The staffers do not frown if the visitor does not buy a thing; they know the visitor is taking home an “experience” and may, inevitably, return. Pooja Barthwal is one such staffer at Fabindia ’s 10,000 sq feet experiential centre in the upmarket Vasant Kunj area of New Delhi.
Posted at the interior design studio, she helps visitors not just find furniture but also seek consultation on layouts, mapping, furniture customisation and colour coordination.
Barthwal, a trained interior designer, says she even visits customer’s homes and uses a software to virtually show the host how a certain piece of cabinet may look in their rooms, for a fee, of course. The place also has a café with organic menu, a wellness store with consultants, a free alteration studio and a kids’ play zone.
“The centres enable customers to engage with the brand in multiple ways, shifting from transactional retail to a more experiential and interactive one,” says Viney Singh, managing director, Fabindia. The ethnic clothing and handicrafts retailer now plans to turn a quarter of its retail space into such experiential centres, says Singh. Similarly, Taneira, Titan Company’s saris and crafts brand, is creating “experiences” at its stores. “The concept is of India under one roof and customers can get an authentic experience of the products without any glass or counters to hinder them.
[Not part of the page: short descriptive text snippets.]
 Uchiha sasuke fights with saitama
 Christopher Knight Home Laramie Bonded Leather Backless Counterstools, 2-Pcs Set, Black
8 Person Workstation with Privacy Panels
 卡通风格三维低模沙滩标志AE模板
It’s a concept of self-service with the staff supporting the customer to understand the products,” says managing director Bhaskar Bhat, who retired on last month.
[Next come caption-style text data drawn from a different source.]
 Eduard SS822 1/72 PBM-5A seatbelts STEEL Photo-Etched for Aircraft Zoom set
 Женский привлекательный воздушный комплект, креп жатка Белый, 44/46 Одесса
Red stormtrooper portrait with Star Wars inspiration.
Such immersive zones have also become vital for online retailers whose customers long to size up, touch and even try the products before adding them to the cart. For innerwear brand Zivame , which went from online to brick-and-mortar in 2017, the experience studios aim to help women find the right fit and also try services such as recommendations based on body profiles. “The studios allow us to not only offer the customer a touch-and-feel experience but also to serve her in real time,” says chief executive Amisha Jain. Meanwhile, Sang, a make-up artist at cosmetics brand Nykaa’s Luxe centre at The Chanakya shopping centre in New Delhi, has his hands full. He says there is a lot of demand for makeovers from visitors. He then offers some tips: “Natural tones and glows are the trend of this season.” “Make-up is a tactile touch and feel category and the physical presence of beauty advisors has helped in building the brand. While we leverage our online database and app to understand our customers, the experiential aspect at stores, which offer make-up stations, domes and zones, help enhance the customer experience,” says Anchit Nayar, CEO-retail, Nykaa.
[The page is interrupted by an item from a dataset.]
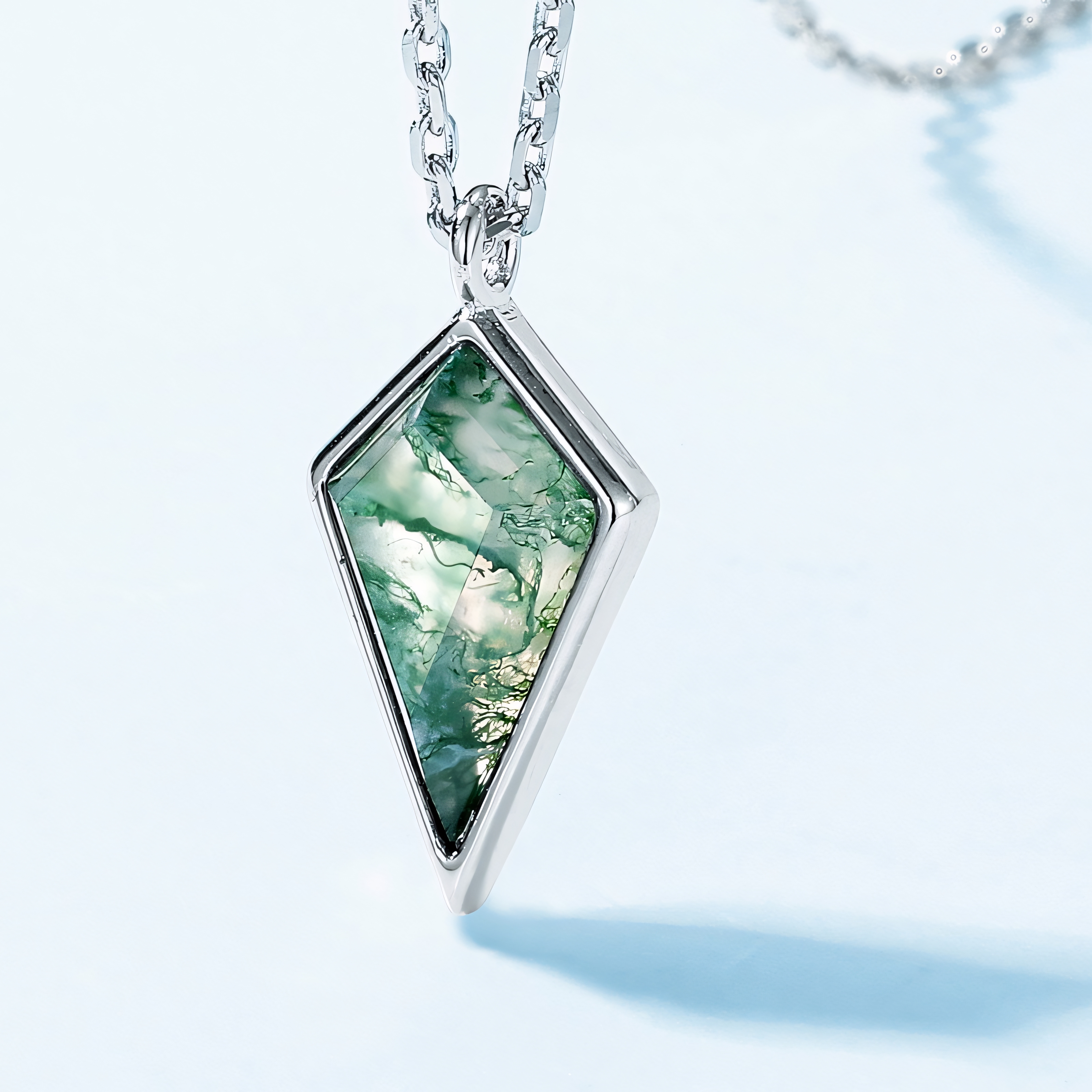 Prismatic Geometric Moss Agate S925 sterling silver Pendant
CEO-retail, Nykaa. Shilpa Sharma, cofounder and head of products curation at online handicrafts brand Jaypore, explains it further. “For apparel brands, an experience centre provides more visual display space while for online players, the customers can experience, see, touch and feel the products, sometimes with the help of technology, rather than perhaps actually buy them and take them home.” Though none of the apparel retailers in India appear to follow the “guideshop” model of Walmart’s online menswear brand Bonobos, online furniture retailer Pepperfry is doing just that and not getting into the business of directly selling to customers. Its furniture studios are zones for visitors to interact with staffers who are architects and interior designers.
We have deployed large screens and augmented reality for product displays. Visitors can also scan the QR codes on the furniture and place them in online carts. However, there is no fulfilment since they cannot take the products home from the studio,” says chief operating officer Ashish Shah. The studios also host stand-up comedy sessions and culinary workshops to pull in more visitors. Though it is not yet clear what the returns on investment are on such experiential zones for the retailers, customers can continue to enjoy the no-pressure shopping experience.